Propaganda War: One Year Later
The Selling of America



GNN: How has propaganda changed over time?  We bemoan it infiltrating the media today, but during World War II, the newsreels produced by the “press” were pretty much indistinguishable from the military’s objective. 


Recall the now legendary Eisenhower outgoing speech of 1961 in which he said that our country must “guard against the acquisition of unwarranted influence, whether sought or unsought, by the military industrial complex.”  He’s famous for providing the military industrial complex (MID) to our lexicon, but I think he might have wanted to add another M.  Today’s landscape, or at least the landscape of the last 50 years or more, is a military-media industrial complex (MMID).  The military and media absorb the bulk of our research sources in technology.  Anything that’s invested in information technology in the U.S. is first applied in the media and military sectors and then filters down eventually to the mass consumer society.  Consumers are the last to get access to new technology that will make our lives freer and easier to challenge the power establishments.


Having said that, wartime propaganda in the 20th century and beyond has always been impacted by the American motion picture industry and American press.  Can you imagine the propaganda potential of film with a captive audience of hundreds of millions in the early part of the last century alone?!  In Phil Taylor’s book, Munitions of the Mind, he describes the massive film operation set up by the Office of War Information just months after the Pearl Harbor attack.  What we used to call the U.S. War Department (now the Department of Defense) spent annually over $50 million on film production during World War II to propagate the message of the war both here and overseas.  The famous Hollywood film director Frank Capra (Mr.
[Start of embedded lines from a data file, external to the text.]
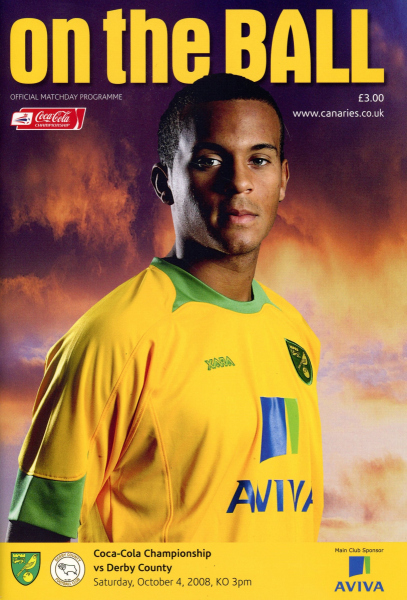 2008_10_04_Derby_County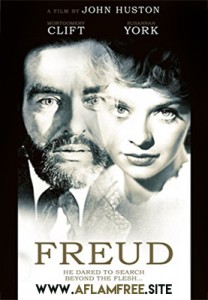 Freud 1962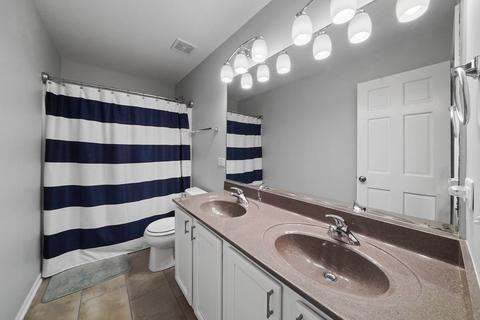 26101 W Milestone Dr, Plainfield, IL 60585 photo 17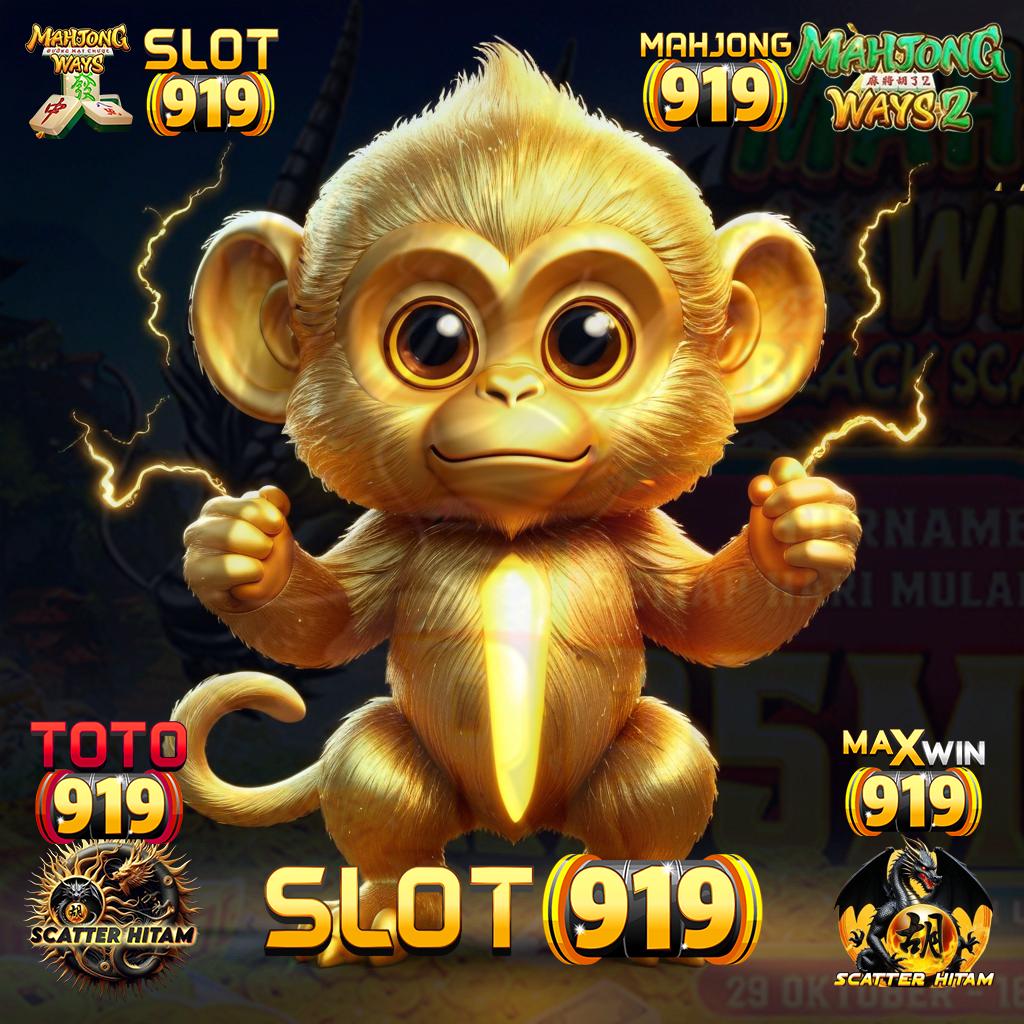 Scatter Hitam Play Daftar Slot Portal Paling Handal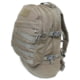 LBT 30L 3Day Pack Ranger Green  RG
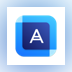 Acronis Cyber Protect Home Office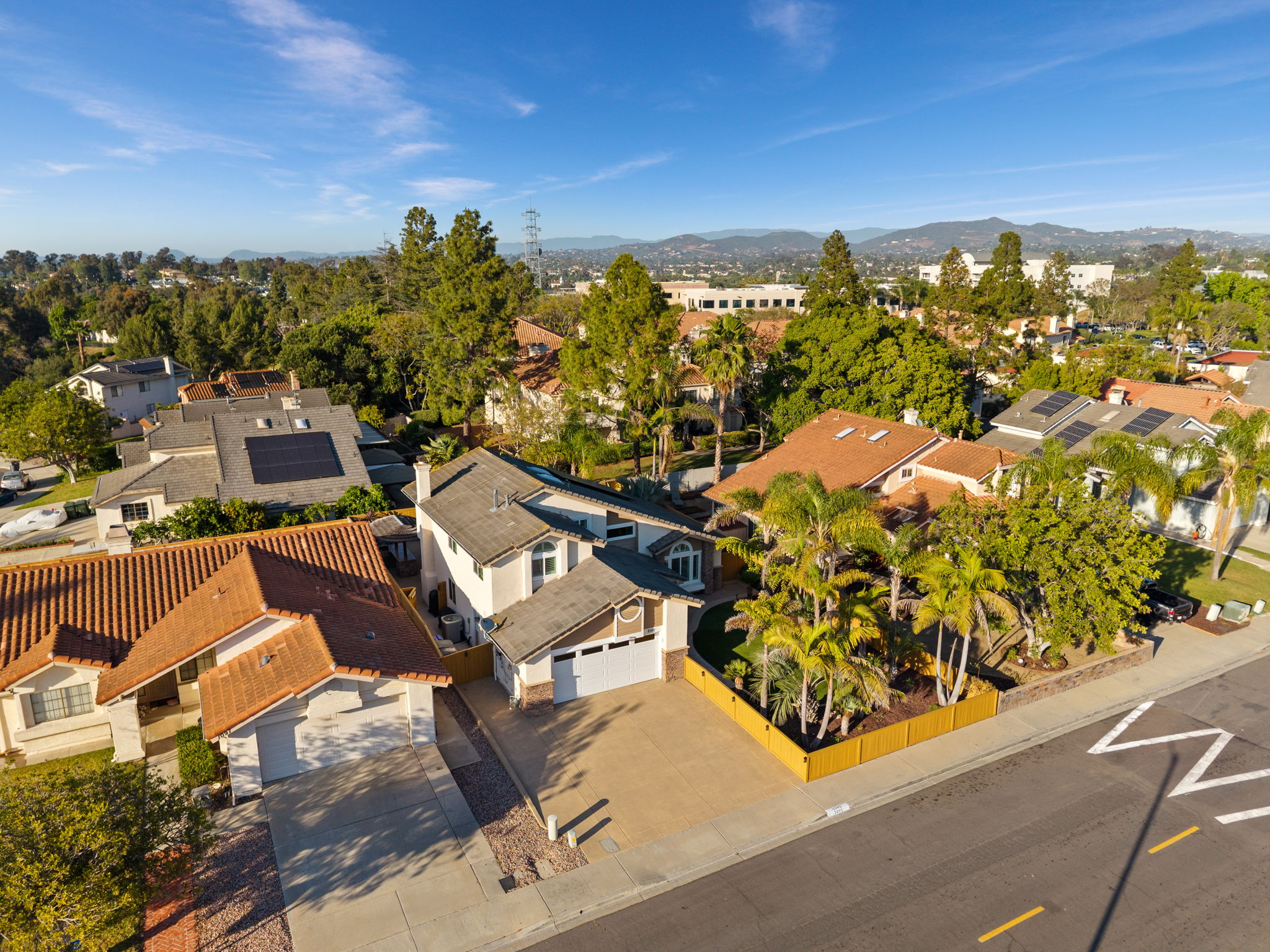 1091 La Tortuga Dr-53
Smith Goes to Washington, It’s a Wonderful Life), became Major Frank Capra during the war and was asked by General George C. Marshall to make the Why We Fight documentary war series.  The free press is comprised of people like you and me who are just as subject to a swell of patriotism and ultra nationalism as is anyone else.  I think we like to idealize that the press will truly separate its personal feelings about a story and report objectively, but World War II was the “Good War” and was thought then to end all wars.  The American press worked in tandem with the military objectives of the U.S. Government as part of their sense of duty to country in wartime. 


Today propaganda infiltration of the media system is more intense than ever.  You certainly cannot turn to the Internet as a source of “the absolute truth” since the Internet functions as an open media system and is subject to the same rumormongering and gossip as a National Enquirer.  The Internet, as media and democracy scholar Robert McChesney notes, is also being colonized by the corporate landscape.  (That’s not to say that there aren’t some good critical sites and I do use the Internet regularly to conduct research, but always with an eye toward the source of the information.)